*** Begin section ***

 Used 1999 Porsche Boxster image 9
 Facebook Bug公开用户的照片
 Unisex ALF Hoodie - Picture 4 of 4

*** End section ***
*** Begin section ***

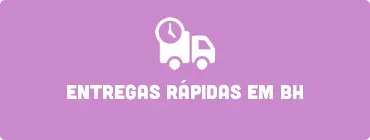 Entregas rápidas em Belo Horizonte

*** End section ***
*** Begin section ***

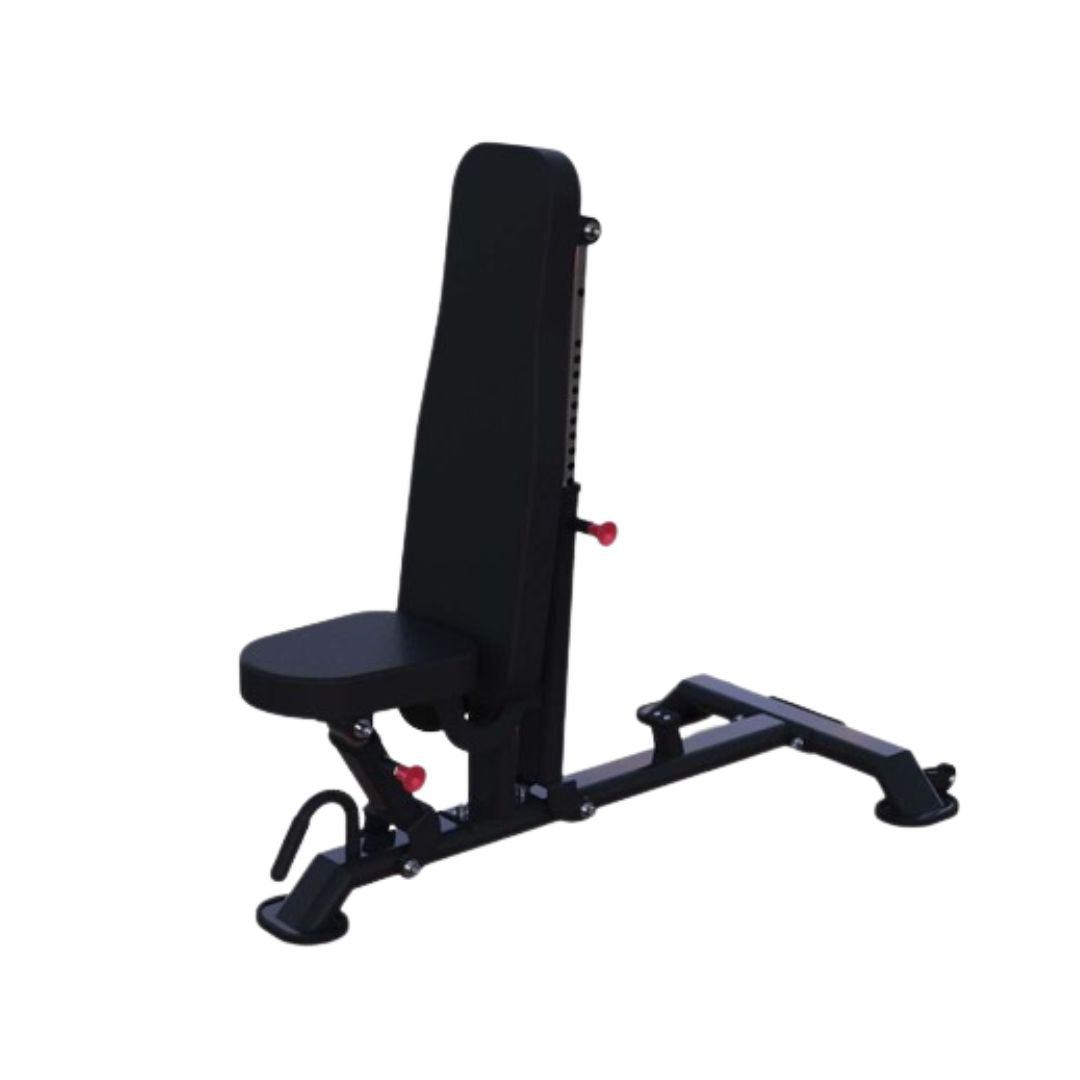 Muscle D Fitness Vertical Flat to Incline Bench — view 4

*** End section ***

# Exercise instructions
Output should match, line for line, the stretch of the material above from the line holding "Facebook Bug公开用户的照片" through the line holding "Unisex ALF Hoodie - Picture 4 of 4".

# Response area
 Facebook Bug公开用户的照片
 Unisex ALF Hoodie - Picture 4 of 4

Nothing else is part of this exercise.